Bennett, dal canto suo, sembra impostare la sceneggiatura a partire dall’interesse nell’indagare il crimine organizzato come fosse un’industria, e che come tale funziona anche grazie alla gestione del personale, e al suo buon senso. Le dinamiche mafiose sembrano raccontate attraverso la lente della gestione delle risorse umane, delle relazioni pubbliche con la polizia, delle crisi reputazionali e delle “ristrutturazioni” aziendali – cioè esecuzioni improvvise. Mentre gli Harrigan prendono le grandi decisioni, Harry si interfaccia con gli agenti, mette in riga i dipendenti indisciplinati e attua qualche licenziamento improvviso e piuttosto brusco – leggasi omicidio. È, in sostanza, un dirigente competente e dai buoni contatti.
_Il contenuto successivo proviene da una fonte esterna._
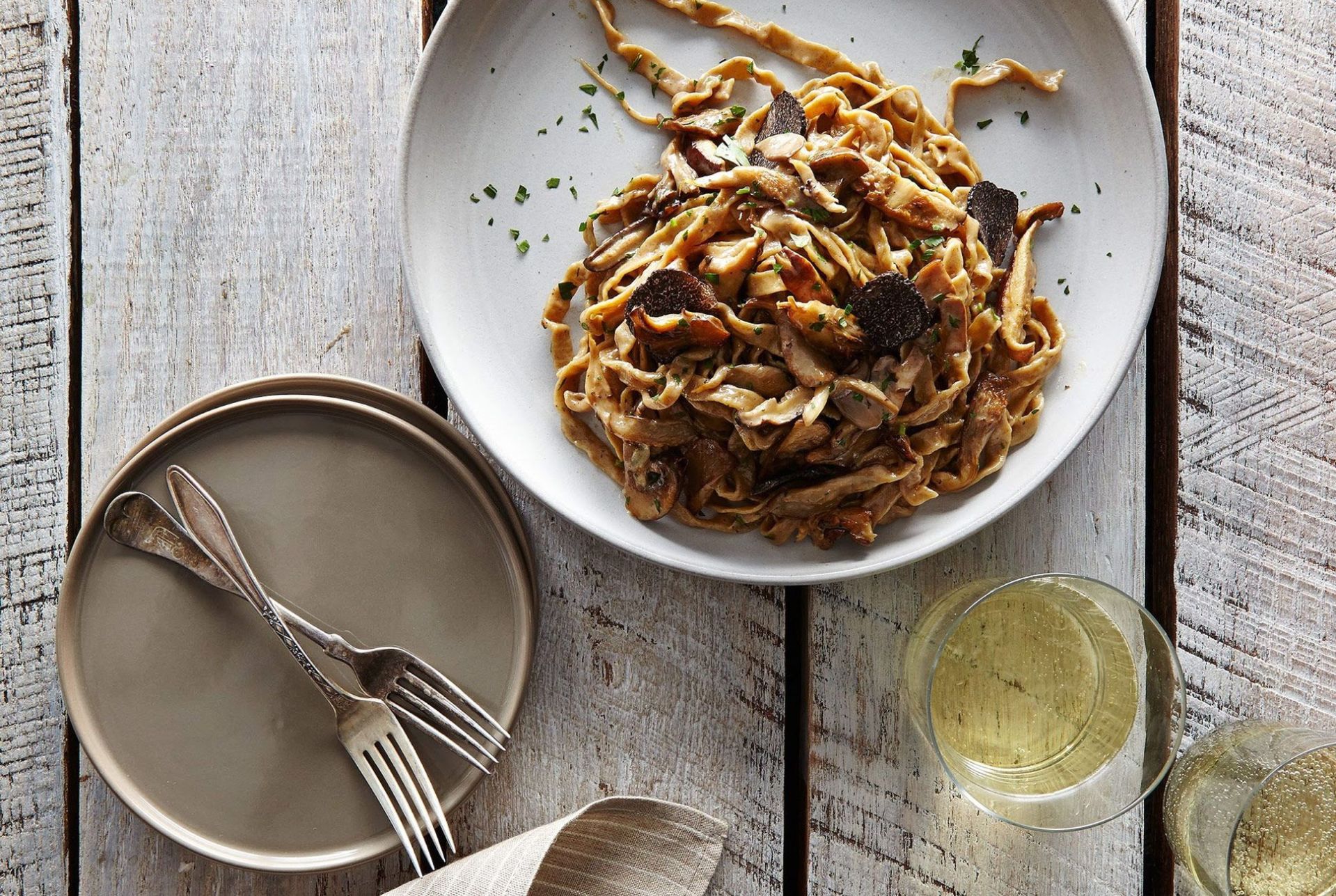 Deals-of-Note-0209-Gear-Patrol-Lead-Full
L’interpretazione di Tom Hardy conferisce al personaggio di Harry un’eloquenza penetrante, un pragmatismo e una calma glaciale solo di tanto in tanto punteggiati dalla rudezza che il tuttofare doveva avere da giovane, e che insieme allo splendido lavoro di Mirren e Brosnan dà vita a uno spettacolo in perfetto equilibrio tra eleganza, ferocia e astuzia. Una delle cose che Hardy, infatti, sa fare meglio, anche in altri suoi lavori, è mettere in scena un uomo che non è mai del tutto a suo agio nella propria pelle, e sembra sempre sul punto di strapparsela di dosso per rivelare ciò che nasconde al di sotto. In MobLand alimenta l’interrogativo su quale sia la vera natura di Harry, in grado di muoversi sia nell’alta che nella bassa società senza però appartenere davvero a nessuna delle due.
MobLand, diventata il lancio globale più seguito di sempre su Paramount+, si costruisce sull’attesa, sui silenzi e sulla diffidenza, affidandosi a ciò che non viene detto, a cosa resta nell’ombra. Ha un che di familiare, ma funziona, con Ritchie che sapientemente non forza troppa la mano. La serie, così, parte dalla consolidata tradizione gangster britannica per proporre un’immersione cupa, insolita e sorprendentemente riflessiva nel mondo del crimine organizzato londinese, presentandosi come un noir contemporaneo che cerca di aggiornare i cliché del genere. Soprattutto, mette al centro l’idea affascinante del crimine come azienda e quella più antica della violenza come mezzo di controllo. Anche perché, guai a dire il contrario: come spiega Harry, “Se ti prendi cura degli Harrigan, loro si prendono cura di te. Se non te ne prendi cura… che Dio ti aiuti”. E noi non ci sentiamo di contraddirlo.